Bitcoin has been on a downward trend for the past six days, with the price now hovering around $112,000. Crypto analyst Ali Martinez has raised a red flag after spotting a concerning signal on Bitcoin’s chart. The Relative Strength Index (RSI) has dropped below its 14-week moving average, a pattern that has historically preceded significant price drops of 24-26%. If history repeats itself, Bitcoin could plummet from $113,000 to $95,000.
Ali Martinez, a well-known chart analyst, has highlighted a potential warning sign for Bitcoin. He notes that the last two times Bitcoin’s weekly RSI fell below its 14-period moving average, the price experienced substantial corrections. The RSI is a tool used by traders to gauge whether an asset is overbought or oversold. A drop below the 14 SMA typically indicates weakening buying pressure and a potential price decline.

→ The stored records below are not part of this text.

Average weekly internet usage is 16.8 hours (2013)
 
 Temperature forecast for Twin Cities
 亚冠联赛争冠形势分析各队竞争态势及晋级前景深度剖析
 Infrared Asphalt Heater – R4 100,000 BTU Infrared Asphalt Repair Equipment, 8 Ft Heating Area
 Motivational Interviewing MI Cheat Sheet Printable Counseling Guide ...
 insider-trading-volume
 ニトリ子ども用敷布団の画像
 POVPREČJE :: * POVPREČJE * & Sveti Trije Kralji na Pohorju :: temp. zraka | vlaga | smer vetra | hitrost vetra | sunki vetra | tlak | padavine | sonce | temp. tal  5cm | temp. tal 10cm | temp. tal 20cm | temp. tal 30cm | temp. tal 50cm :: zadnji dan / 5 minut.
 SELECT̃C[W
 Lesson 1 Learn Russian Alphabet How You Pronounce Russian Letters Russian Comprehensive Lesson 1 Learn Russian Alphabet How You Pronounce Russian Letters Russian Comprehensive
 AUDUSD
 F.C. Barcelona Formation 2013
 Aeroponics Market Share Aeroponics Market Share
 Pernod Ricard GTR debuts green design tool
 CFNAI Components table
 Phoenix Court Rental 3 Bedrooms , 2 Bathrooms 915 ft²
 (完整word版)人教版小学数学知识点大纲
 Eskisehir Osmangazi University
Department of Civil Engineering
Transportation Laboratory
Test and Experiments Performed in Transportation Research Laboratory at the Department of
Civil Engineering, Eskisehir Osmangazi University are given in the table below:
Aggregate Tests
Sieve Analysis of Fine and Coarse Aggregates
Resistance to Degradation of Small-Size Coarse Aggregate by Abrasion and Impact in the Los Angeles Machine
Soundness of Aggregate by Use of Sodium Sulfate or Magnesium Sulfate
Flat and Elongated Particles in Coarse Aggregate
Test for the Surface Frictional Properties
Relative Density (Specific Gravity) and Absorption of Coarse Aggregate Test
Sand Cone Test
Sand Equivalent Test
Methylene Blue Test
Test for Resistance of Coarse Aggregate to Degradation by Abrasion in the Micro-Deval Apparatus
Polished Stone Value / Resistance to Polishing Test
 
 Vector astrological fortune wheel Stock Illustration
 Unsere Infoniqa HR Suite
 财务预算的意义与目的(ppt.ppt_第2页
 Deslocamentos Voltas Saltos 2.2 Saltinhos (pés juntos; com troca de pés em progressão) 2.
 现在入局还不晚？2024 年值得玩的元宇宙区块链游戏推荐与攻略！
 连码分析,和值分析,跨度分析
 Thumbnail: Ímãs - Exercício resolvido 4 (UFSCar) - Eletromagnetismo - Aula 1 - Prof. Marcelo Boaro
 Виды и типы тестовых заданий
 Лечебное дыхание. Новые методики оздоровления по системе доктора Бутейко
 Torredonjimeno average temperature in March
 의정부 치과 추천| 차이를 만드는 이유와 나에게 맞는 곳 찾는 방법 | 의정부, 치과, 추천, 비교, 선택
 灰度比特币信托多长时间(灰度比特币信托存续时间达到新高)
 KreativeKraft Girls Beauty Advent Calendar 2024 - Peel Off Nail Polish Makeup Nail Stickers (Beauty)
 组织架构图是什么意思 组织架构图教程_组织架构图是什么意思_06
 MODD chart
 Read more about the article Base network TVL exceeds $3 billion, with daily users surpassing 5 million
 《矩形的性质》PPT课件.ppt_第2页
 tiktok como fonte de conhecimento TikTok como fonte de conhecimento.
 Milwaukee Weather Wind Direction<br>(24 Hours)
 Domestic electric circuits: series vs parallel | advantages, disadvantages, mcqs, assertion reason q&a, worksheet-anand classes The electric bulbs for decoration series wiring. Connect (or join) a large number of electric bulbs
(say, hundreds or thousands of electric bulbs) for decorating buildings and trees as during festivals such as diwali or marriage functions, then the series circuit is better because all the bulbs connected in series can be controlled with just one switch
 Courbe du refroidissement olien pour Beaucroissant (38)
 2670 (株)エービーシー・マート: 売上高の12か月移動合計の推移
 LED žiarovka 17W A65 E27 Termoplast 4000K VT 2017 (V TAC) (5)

This same signal has preceded two major pullbacks in Bitcoin’s recent history. In June 2024, Bitcoin experienced a 26% drop, followed by a 24% decline in January 2025. Now, in August 2025, the RSI is once again displaying a similar pattern. If Bitcoin follows the same trajectory, we could see the price slide from its current level of around $113,900 to nearly $95,000.
Adding to the bearish sentiment, Arthur Hayes, co-founder of BitMEX, has also predicted a drop in Bitcoin’s price to $100,000. Hayes attributes this forecast to signs of a weakening U.S. economy, citing the disappointing July jobs report as a key factor. With only 73,000 new jobs added, well below the expected 110,000, Hayes believes global trends could lead to increased selling pressure. He identifies $100,000 as a critical psychological level supported by key indicators like the 200-day moving average, Fibonacci levels, and recent price zones.
Meanwhile, U.S.-based spot Bitcoin ETFs have been experiencing outflows for five consecutive days. Major players such as Grayscale, Fidelity, and ARK Invest have all reported consistent withdrawals. This trend suggests waning institutional interest in Bitcoin, which could exacerbate a price decline if key levels are breached. Despite these bearish signals, some traders remain optimistic about the long-term outlook for Bitcoin, viewing the current pullback as a healthy correction before a potential rally.
In conclusion, while the short-term outlook for Bitcoin appears uncertain, the cryptocurrency market remains dynamic and unpredictable. Traders and investors should stay informed and adapt their strategies accordingly to navigate the volatility of digital assets effectively.